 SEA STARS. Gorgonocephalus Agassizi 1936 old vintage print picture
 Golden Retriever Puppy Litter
:::::
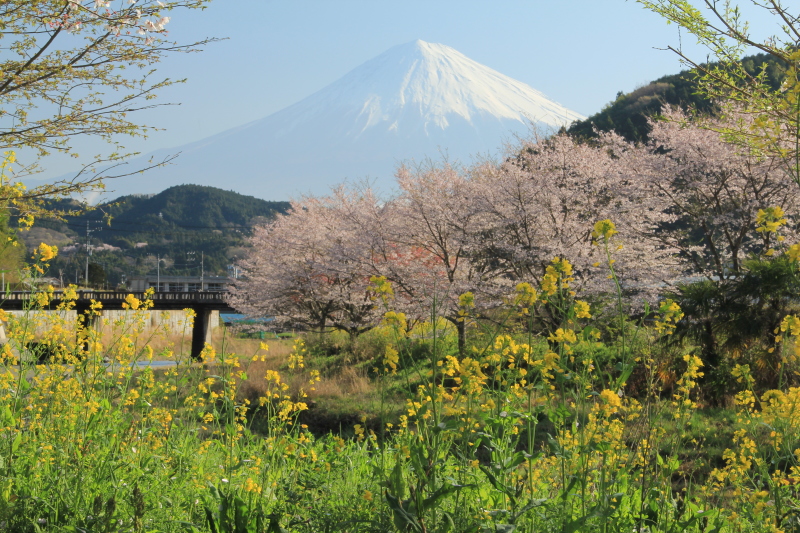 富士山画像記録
:::::
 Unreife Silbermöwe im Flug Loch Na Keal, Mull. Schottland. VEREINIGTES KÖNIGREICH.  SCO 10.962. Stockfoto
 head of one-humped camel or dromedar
:::::
**Goal of the exercise**
Print the lines above from the one with "Unreife Silbermöwe im" through the one with "head of one-humped camel or dromedar", both included, exactly as written and nothing more.

**Exercise response**
 Unreife Silbermöwe im Flug Loch Na Keal, Mull. Schottland. VEREINIGTES KÖNIGREICH.  SCO 10.962. Stockfoto
 head of one-humped camel or dromedar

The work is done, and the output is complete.